What needs to be done
Begin at the line containing "marihuana salud" in the records below, end at the line containing "Magnolia virginiana 'Moonglow'", and retype each line in that span exactly. No other line and no image should appear.

Record extracts
+++

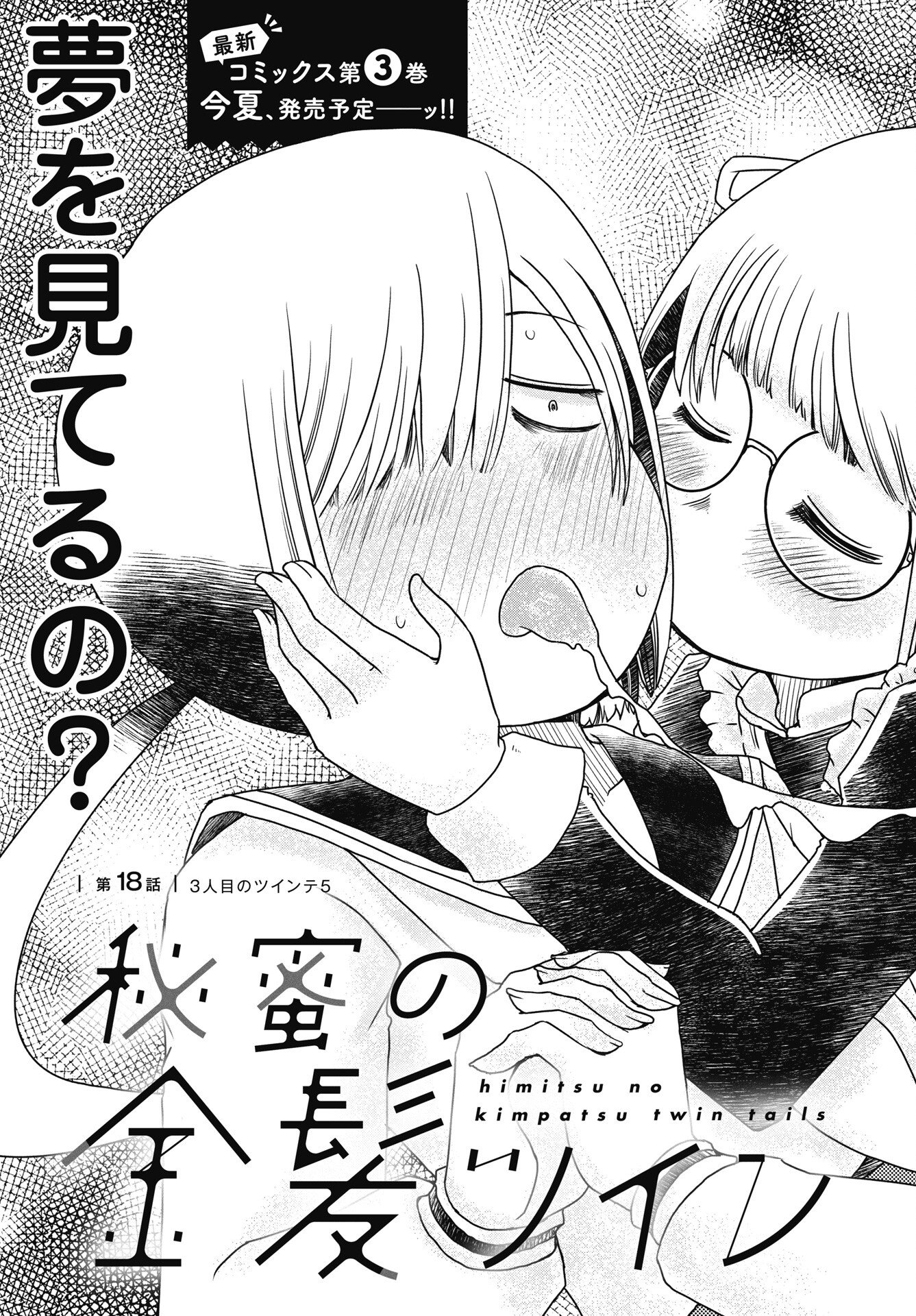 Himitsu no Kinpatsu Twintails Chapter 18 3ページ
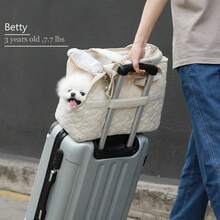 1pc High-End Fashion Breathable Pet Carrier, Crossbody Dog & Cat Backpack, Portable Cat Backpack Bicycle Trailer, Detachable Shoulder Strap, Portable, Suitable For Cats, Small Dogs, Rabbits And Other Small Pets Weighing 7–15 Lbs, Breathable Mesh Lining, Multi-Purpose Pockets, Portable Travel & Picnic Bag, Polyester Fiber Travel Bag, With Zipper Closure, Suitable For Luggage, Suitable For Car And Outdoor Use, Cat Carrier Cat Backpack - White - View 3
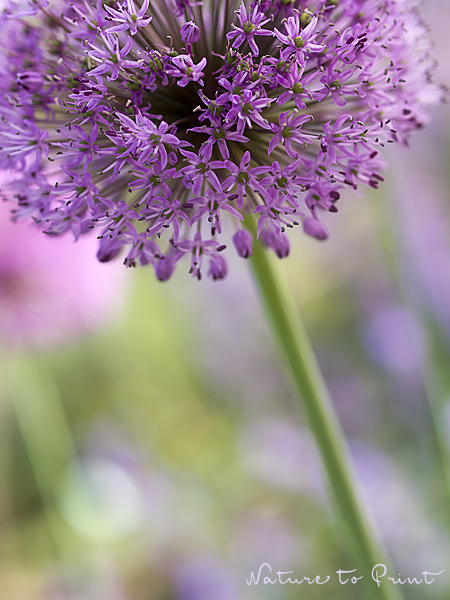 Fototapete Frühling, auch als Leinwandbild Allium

+++

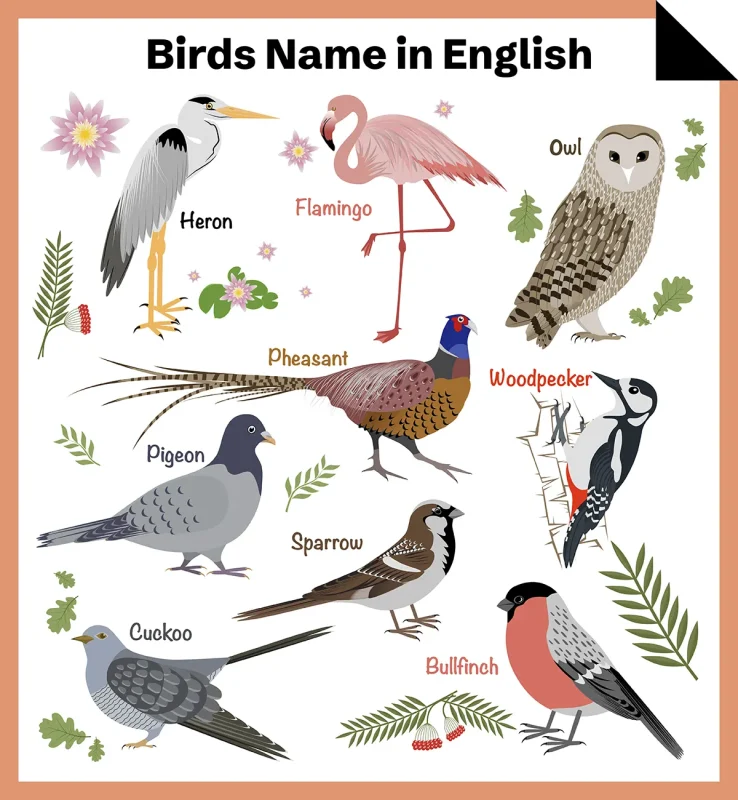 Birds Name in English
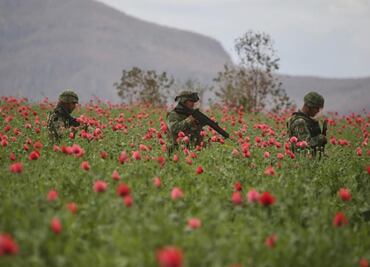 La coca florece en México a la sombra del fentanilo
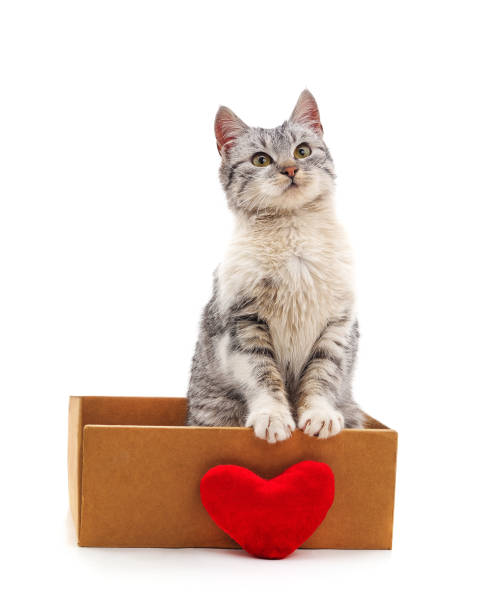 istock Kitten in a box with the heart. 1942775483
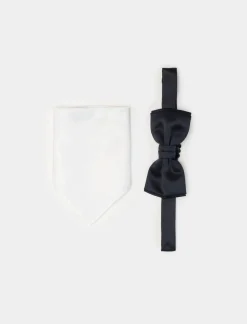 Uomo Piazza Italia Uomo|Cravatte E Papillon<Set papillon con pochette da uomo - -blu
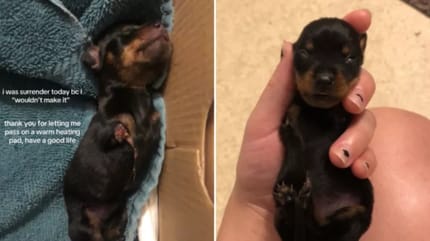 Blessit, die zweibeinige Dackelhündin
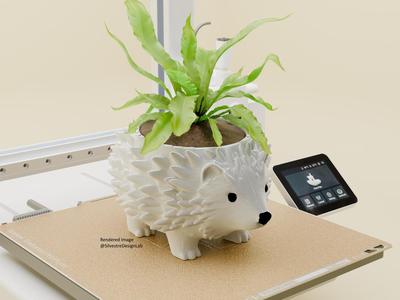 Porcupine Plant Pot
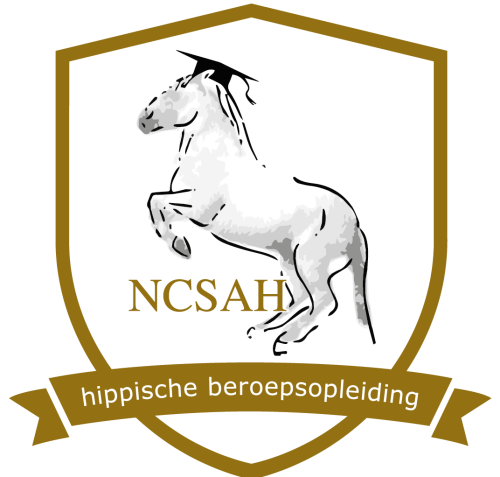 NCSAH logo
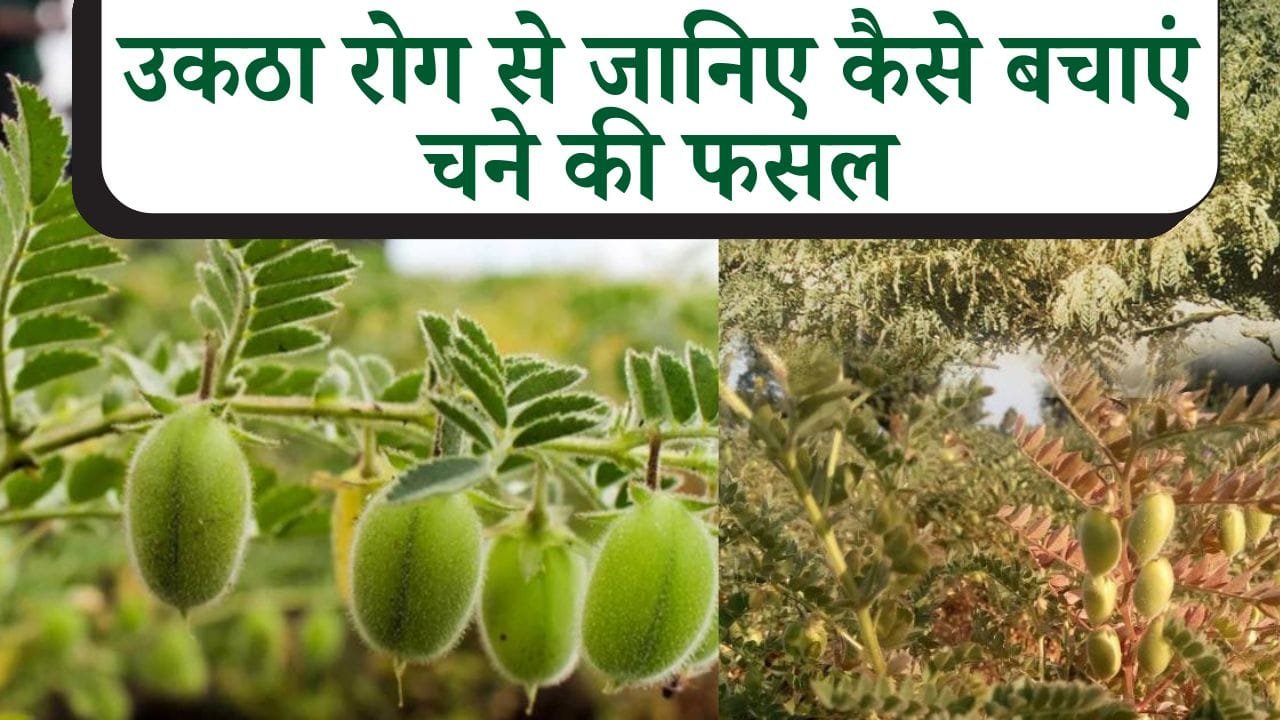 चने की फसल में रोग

+++

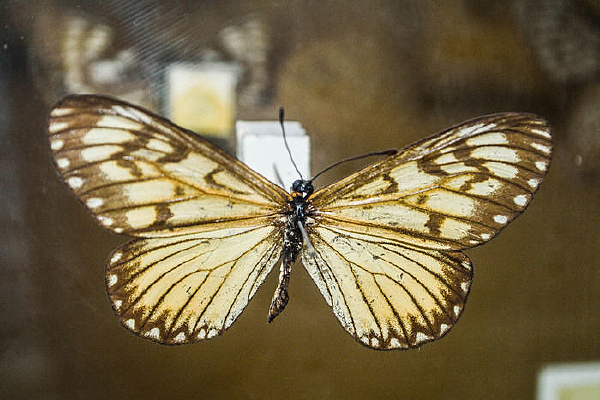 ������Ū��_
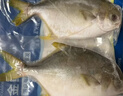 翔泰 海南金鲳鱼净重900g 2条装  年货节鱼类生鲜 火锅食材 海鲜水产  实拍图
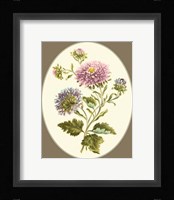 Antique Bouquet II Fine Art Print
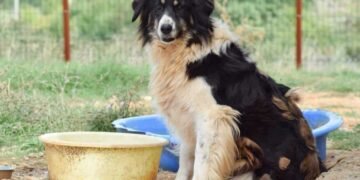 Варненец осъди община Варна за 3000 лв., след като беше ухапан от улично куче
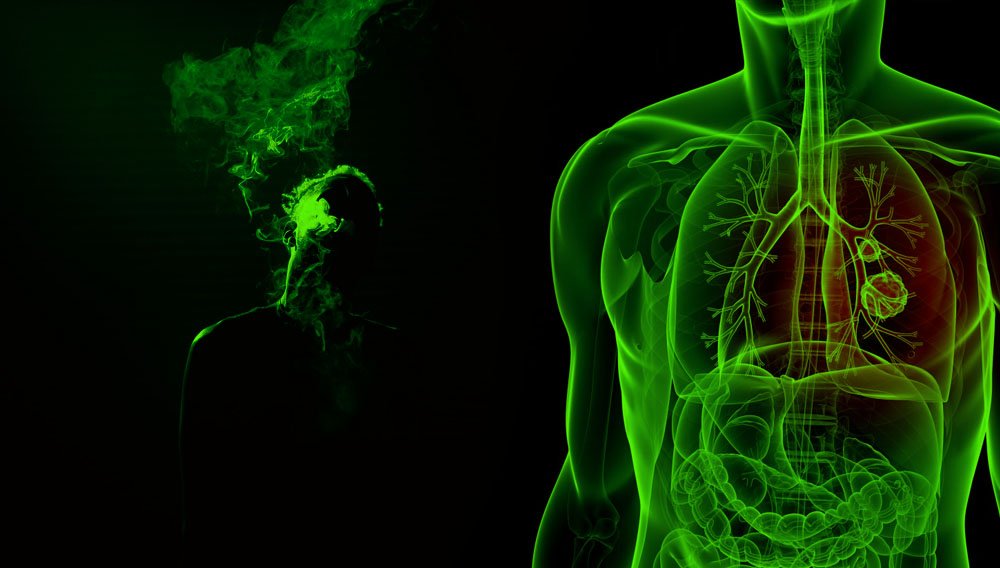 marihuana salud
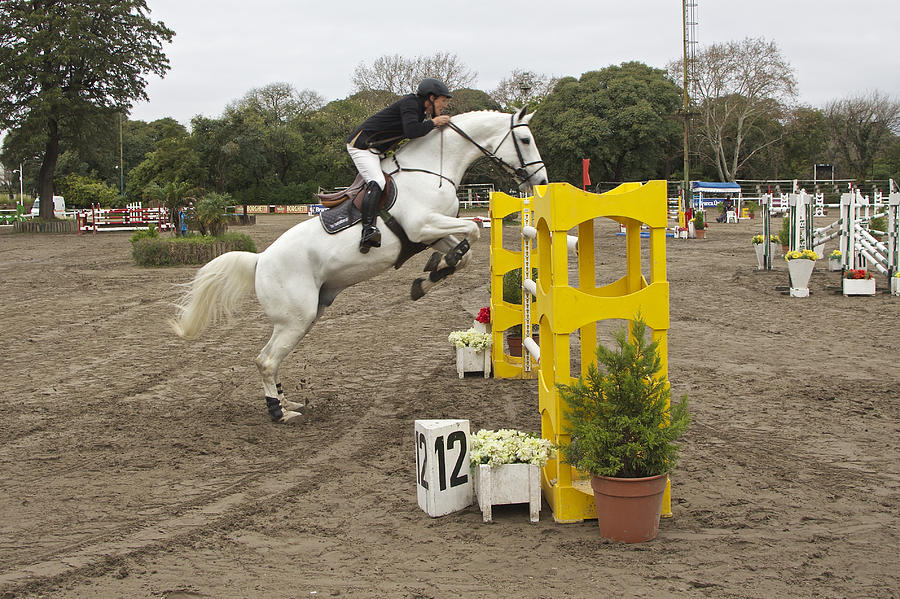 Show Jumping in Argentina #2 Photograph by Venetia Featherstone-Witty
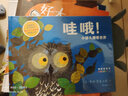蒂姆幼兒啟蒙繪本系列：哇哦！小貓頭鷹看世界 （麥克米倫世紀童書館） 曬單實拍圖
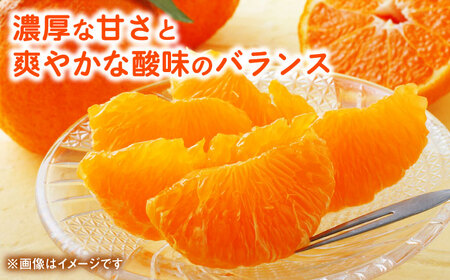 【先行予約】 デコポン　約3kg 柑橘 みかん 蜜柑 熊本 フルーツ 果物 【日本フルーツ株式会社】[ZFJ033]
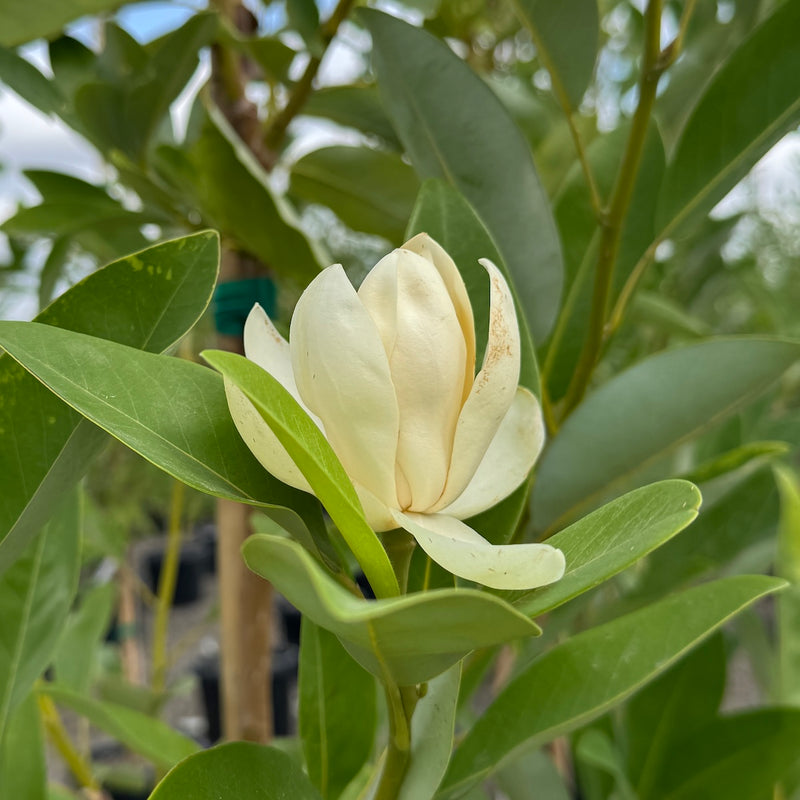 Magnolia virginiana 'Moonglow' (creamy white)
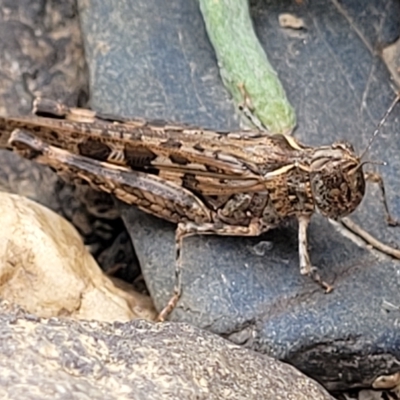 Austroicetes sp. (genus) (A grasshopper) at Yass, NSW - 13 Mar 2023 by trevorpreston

+++

Answer to this problem
 marihuana salud
 Show Jumping in Argentina #2 Photograph by Venetia Featherstone-Witty
蒂姆幼兒啟蒙繪本系列：哇哦！小貓頭鷹看世界 （麥克米倫世紀童書館） 曬單實拍圖
 【先行予約】 デコポン　約3kg 柑橘 みかん 蜜柑 熊本 フルーツ 果物 【日本フルーツ株式会社】[ZFJ033]
 Magnolia virginiana 'Moonglow' (creamy white)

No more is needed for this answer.